Entscheidungsstichwort (Thema)
Identität Marke und Ware. Rechtserhaltende Benutzung der Marke. Hinweis auf Herkunft der Waren
Leitsatz (amtlich)
Sind die Marke und die Ware identisch (hier: schwarz-bunte Kuh mit dem Schriftzug „SYLT” als Aufkleber und Schlüsselanhänger), setzt die rechtserhaltende Benutzung der Marke i.S. von § 26 Abs. 1 MarkenG voraus, daß die maßgeblichen Verkehrskreise in der Abbildung nicht nur die Ware selbst sehen, sondern die Abbildung auch als Hinweis auf die Herkunft der Waren aus einem bestimmten Unternehmen auffassen.
Normenkette
MarkenG § 26 Abs. 1, § 49 Abs. 1 S. 1, Abs. 3, § 55 Abs. 1, 2 Nr. 1
Verfahrensgang
Schleswig-Holsteinisches OLG (Urteil vom 14.12.1999) |
LG Flensburg |
Tenor
Die Revision gegen das Urteil des 6. Zivilsenats des Schleswig-Holsteinischen Oberlandesgerichts in Schleswig vom 14. Dezember 1999 wird auf Kosten der Klägerin zurückgewiesen.
Von Rechts wegen
Tatbestand
Die Beklagten sind Inhaber der u.a. für „Aufkleber aus Papier und Kunststoffolie, Anhänger aus Metall oder Kunststoff” am 10. November 1992 unter Nr. 2 024 390 eingetragenen nachstehend abgebildeten Marke, die eine schwarz-bunte Kuh darstellt, deren weiße Flecken den Schriftzug „SYLT” bilden:
Die Beklagten vertreiben Kunststoffaufkleber, die sich von dem Papieruntergrund abziehen lassen, und (flächenhafte) Schlüsselanhänger aus Metall und Kunststoff in folgender Aufmachung:
Die Klägerin, eine Kommanditgesellschaft, die im Jahre 1998 dreidimensionale Aufkleber mit einer schwarz-bunten Kuh und dem Schriftzug „SYLT” hergestellt und danach auf Betreiben der Beklagten die weitere Herstellung unterlassen hat, hält die Marke der Beklagten für löschungsreif, weil in dem Vertrieb der Kunststoffaufkleber und der Schlüsselanhänger keine rechtserhaltende Benutzung der eingetragenen Marke liege.
Die Klägerin hat vor dem Landgericht beantragt,
die Beklagten zu verurteilen, in die Löschung der im Markenregister beim Deutschen Patentamt unter der Nr. 2 024 390 eingetragenen Bildmarke für die Waren „Aufkleber aus Papier und Kunststoffolie” gegenüber dem Deutschen Patentamt einzuwilligen.
Das Landgericht hat der Klage stattgegeben.
Gegen dieses Urteil haben die Beklagten Berufung eingelegt.
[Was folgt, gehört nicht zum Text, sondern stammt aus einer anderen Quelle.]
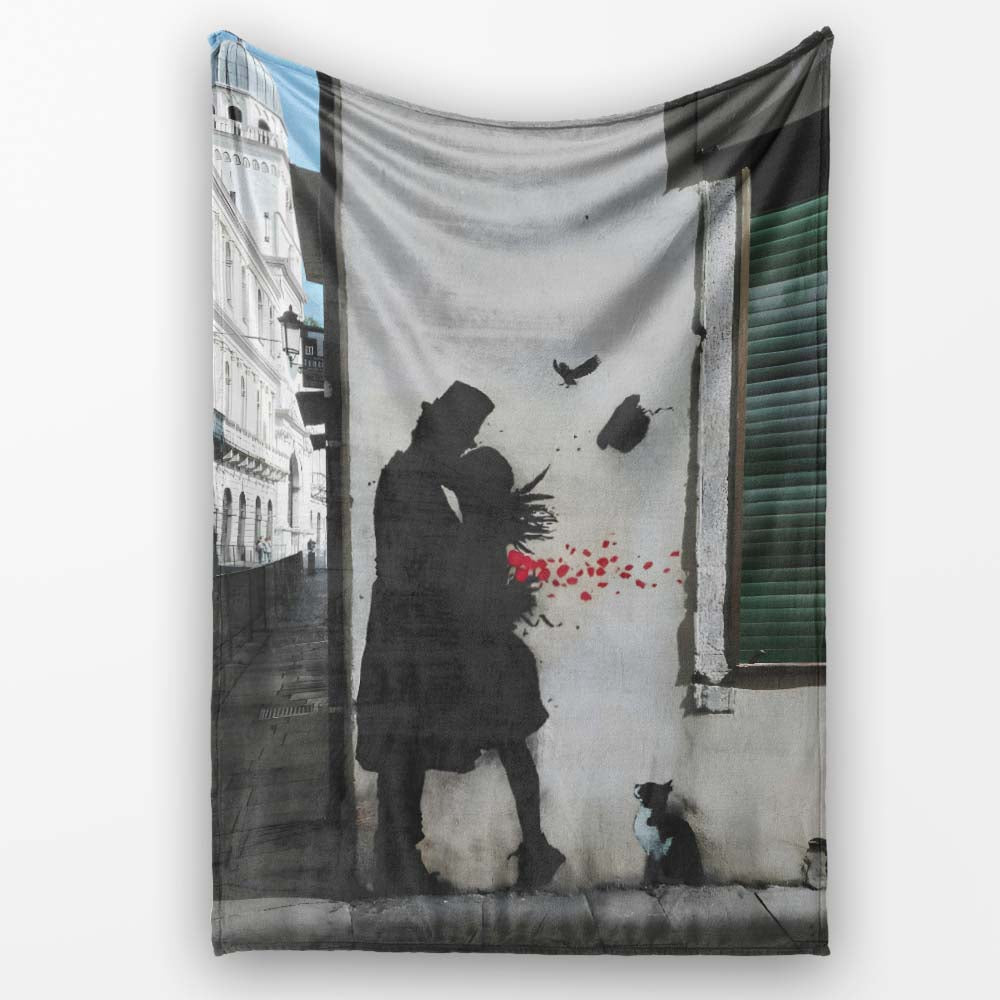 Romantic Couple with Red Rose Petals and Cat Stencil Art, Artistic Comfortable Everyday Comfort - Super Soft Fleece Blanket Bed Sofa Throw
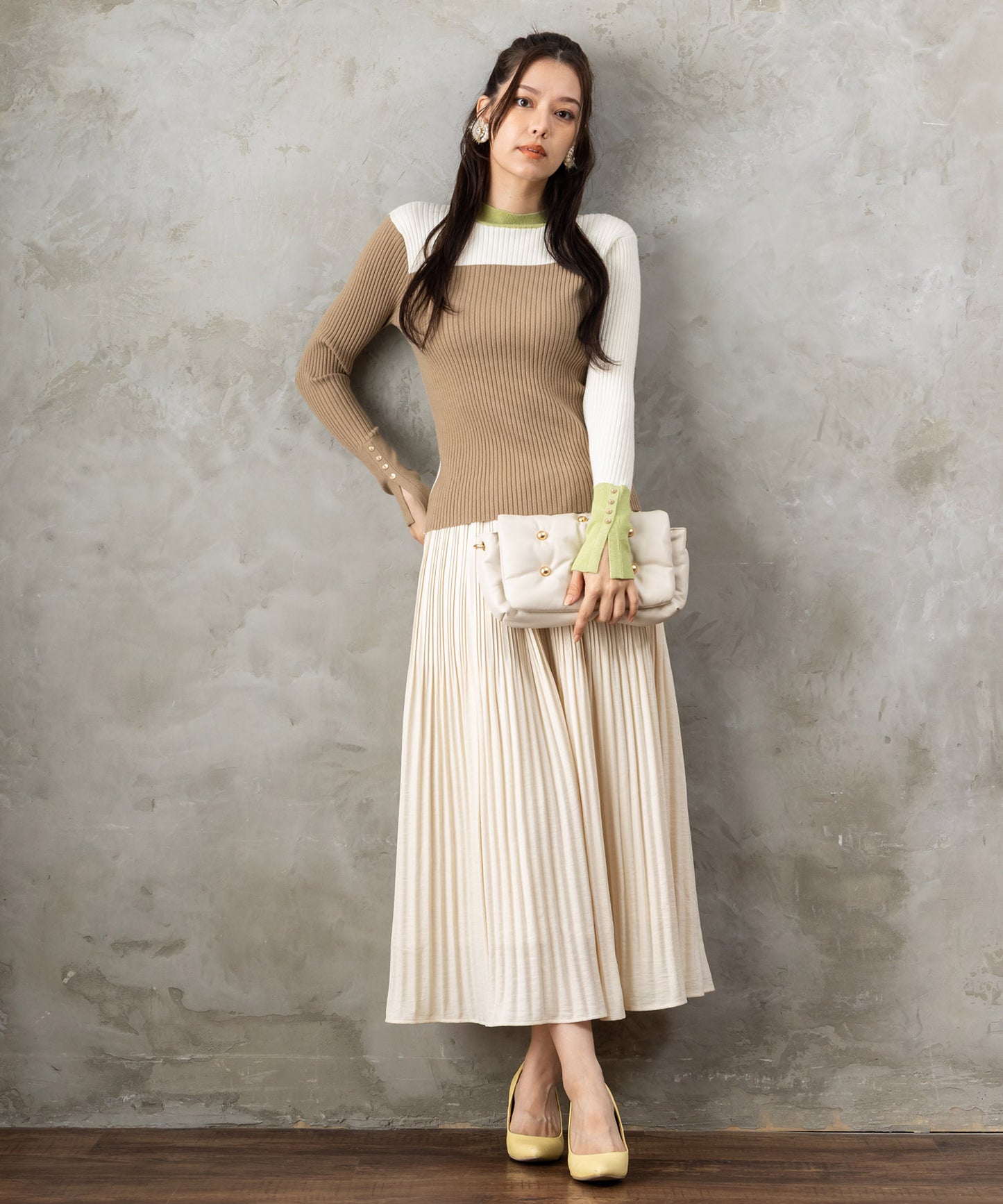 【FONT LAB】ミストウールタッチダブルプリーツスカート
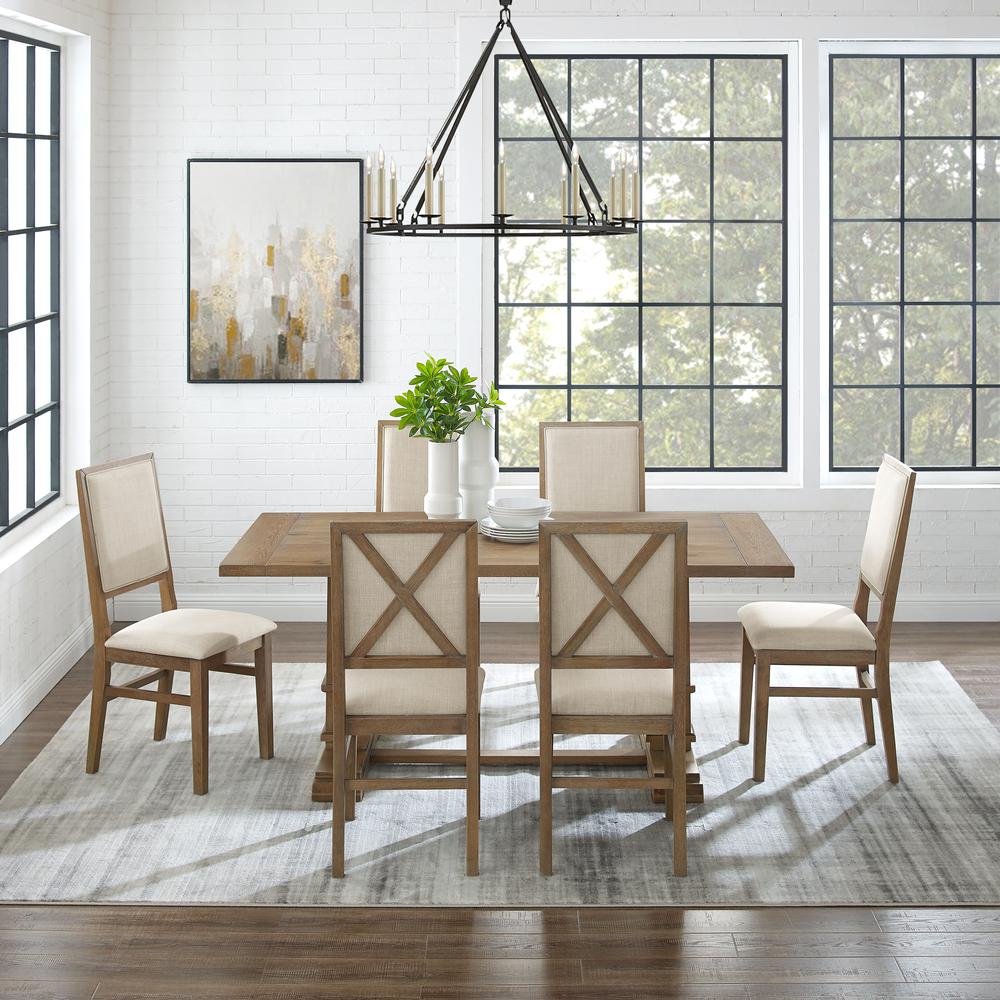 Joanna 7-Piece Dining Table Set For 6 – Table & 6 Upholstered Back Chairs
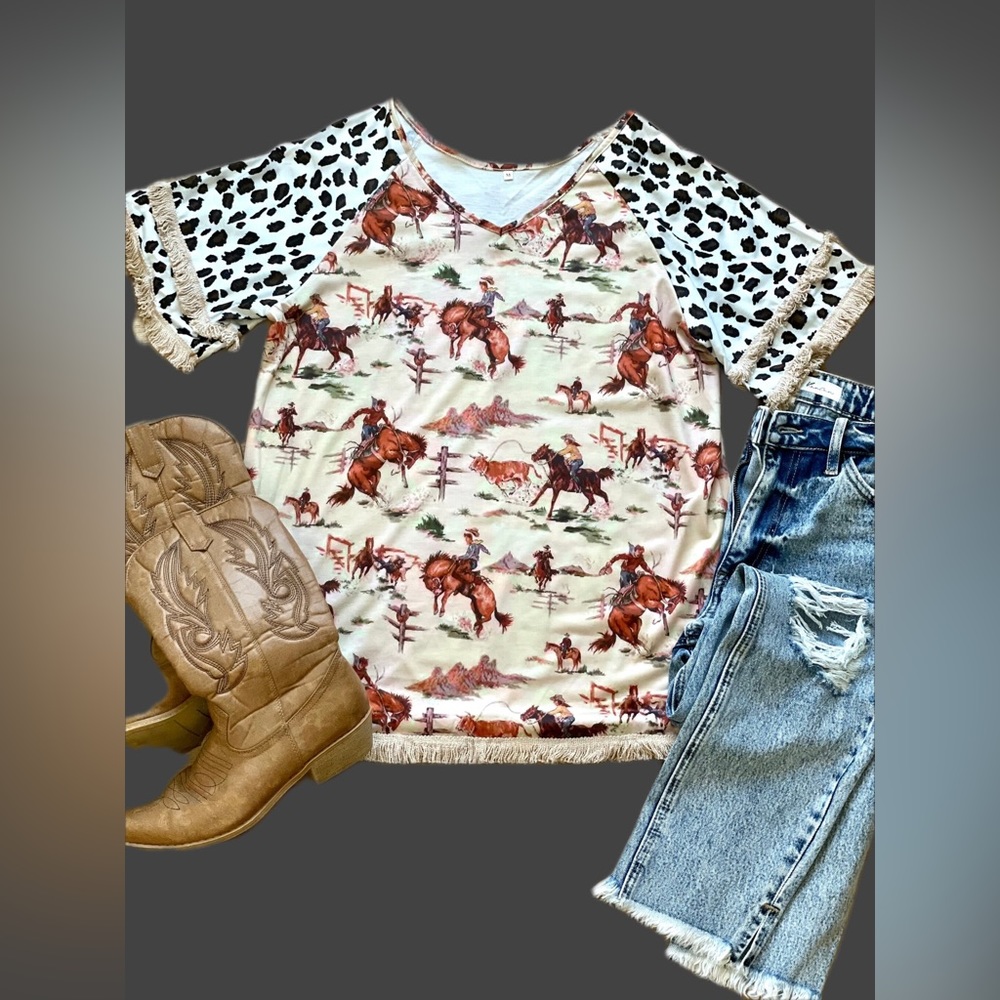 NWT! Rodeo Dreams Fringe Top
Im Berufungsverfahren hat die Klägerin ihre Klage erweitert und beantragt,
die Beklagten unter Zurückweisung ihrer Berufung zu verurteilen, auch in die Löschung der eingetragenen Bildmarke für die Ware „Anhänger aus Metall und Kunststoff” gegenüber dem Deutschen Patentamt einzuwilligen.
Das Berufungsgericht hat die Klage insgesamt abgewiesen.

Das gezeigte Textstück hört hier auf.